Naturally, Lot was horrified and disturbed at what he was witnessing, and after trying (to no avail) to get some of these sexual heathens to leave this city and repent their sinful ways, he ended up walking away from the city as mournful music swelled in the background and the city burned to ash behind him.
That scene didn’t completely make sense to my young mind, but it did help connect the dots to a few understandings about sex that had only been implied to me: that while it was true that sex of any kind that wasn’t between a husband and a wife was sinful, group sex—unhidden, semi-public, out in the open, multiple-people-at-one-time kind of sex—was the ultimate evil; evil enough that God’s fiery rage could destroy an entire city because of it.

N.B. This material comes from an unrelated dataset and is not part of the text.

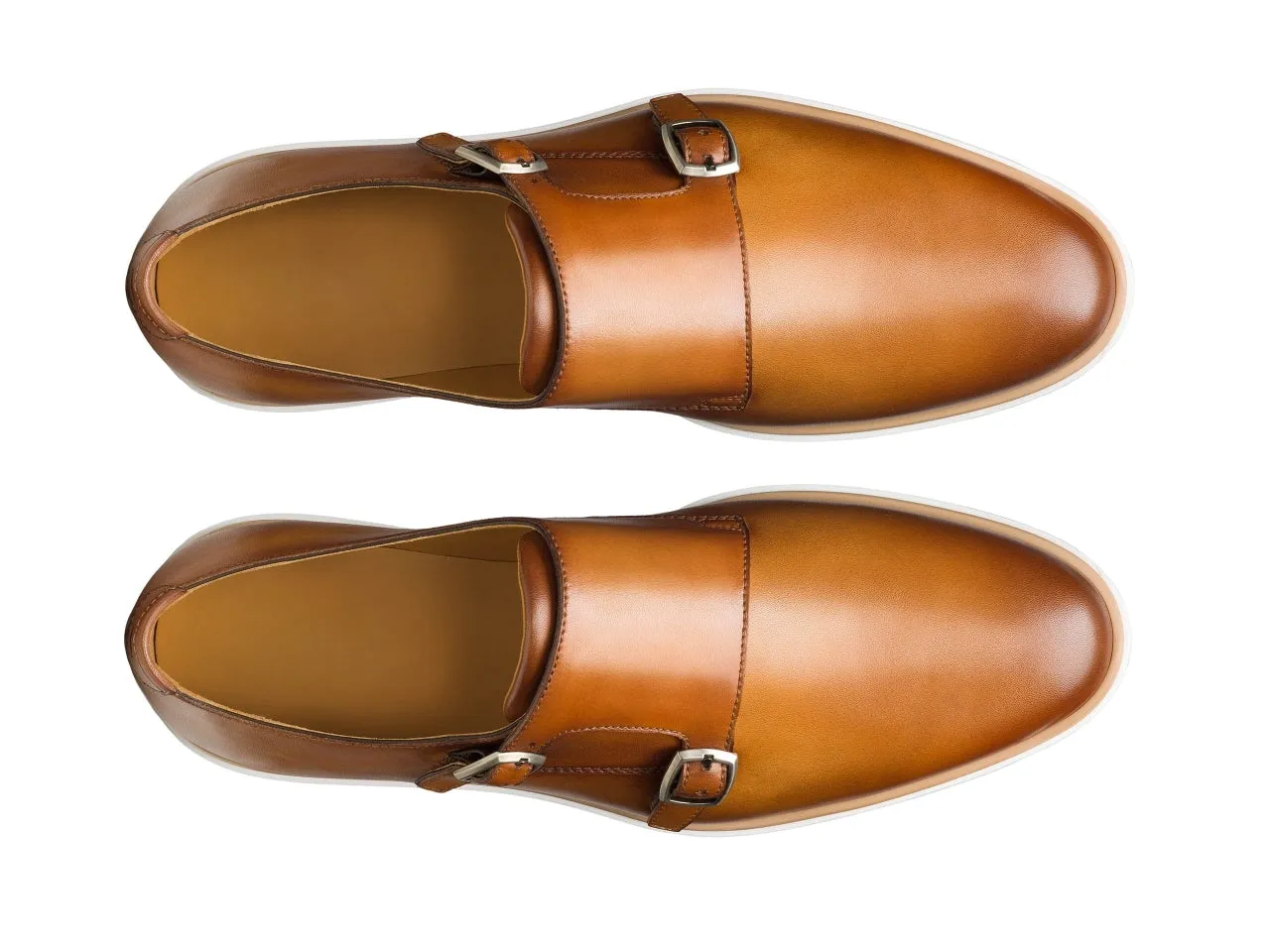 Tan Italian Suede Leather Double Monkstrap Shoes With Sneakers Sole  - Leather Shoes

With this new information, I unconsciously decided that never, ever would I stray toward that direction. Yet as I grew older and more sexually aware, I somehow found myself seeking out (or being turned onto) other films which featured orgy scenes, like Caligula, Emmanuelle, and Henry and June. From there, a full blown interest in party-style pornos—where big, rowdy, co-ed parties turn into full-blown orgies—blossomed. For the longest time, that was the only kind of porn that could get me off.
I didn’t see the connection at the time, but it’s undeniable that the “sexual depravity” referenced in Sodom and Gomorrah planted a seed in my mind that often gets planted in the sexually curious: That what is billed as sinful, innappropriate, and forbidden is often really, really hot.
And you know what they say: What you resist persists.
So when my phone chimed last month with a text notification that said, “if I was interested”, I was invited to an all femme play party, my response was similar to the reaction I think I would have if someone told me that I could snuggle a baby elephant—I nearly screamed.
This wasn’t the first time I was invited to some kind of sex party. There was this one time where, after an event I went to for the release of the book, I’ll Show You Mine, one of the women attending, who had previously been in the audience extolling the joy and delectability of cunnilingus, announced loudly to the few of us lingering that there was going to be an all women’s kink and BDSM party happening in a dungeon a few blocks away that we were welcome to join.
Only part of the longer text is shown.